By that logic, you could justify absolutely anything.
Depending on your standards, you can justify absolutely anything. There is nothing that is inherently right or wrong -- perhaps something that is right or wrong in most views.

Our standards have changed, too -- not even a century ago, holocausts were considered absolutely appropriate (even by scientists!).

No. Despite your opinions, and your best efforts to redefine good and evil, there are things which are inherently wrong. Murder is one of those things. All humans know murder is wrong, whether they admit it or not.
Right, so the Samurai, who would randomly cut the heads off of people they didn't fancy, knew they were doing something wrong, and yet were totally okay with it?
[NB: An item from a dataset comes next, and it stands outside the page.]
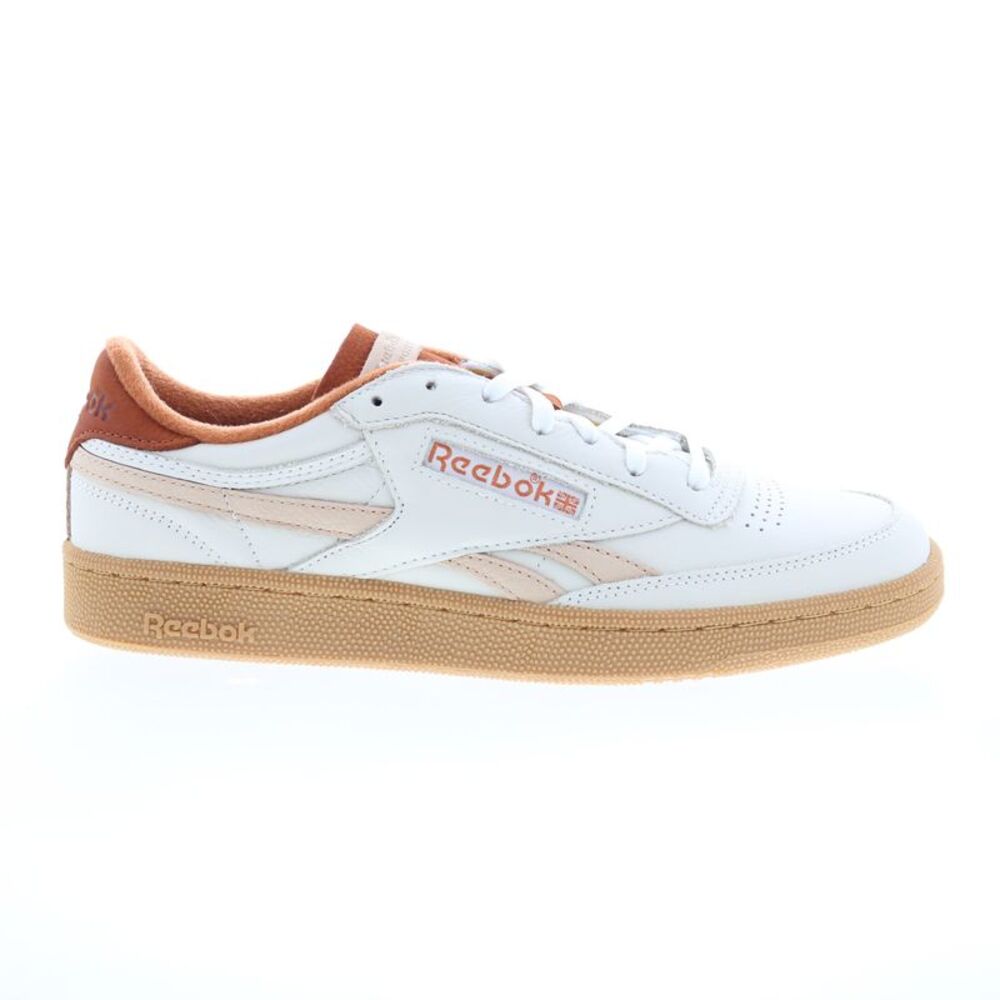 Reebok Mens Club C Revenge Vintage White Shoes (NWT)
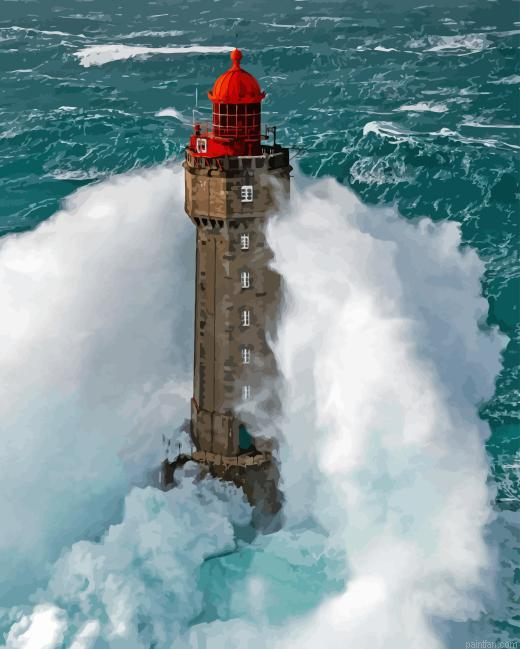 Phare De La Jument Paint By Numbers.png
Beheading a few peasants was, after all, the right way to test out a new sword... there's even a term in Japanese for it: Tameshi-giri.

Plenty of societies, both ancient and modern, have legalized, or even encouraged, what we define as 'murder'.

And note that I'm not arguing that murder is acceptable; rather, that the definition for it changes so much between societies as to make the statement "Murder is wrong in all human societies." a completely meaningless phrase.

A likely explanation for the prohibition against the killing of other humans is strictly pragmatic: Societies where members can kill each other freely will self-destruct. This has nothing to do with 'murder being wrong', as much as free homicide not being a very stable evolutionary path.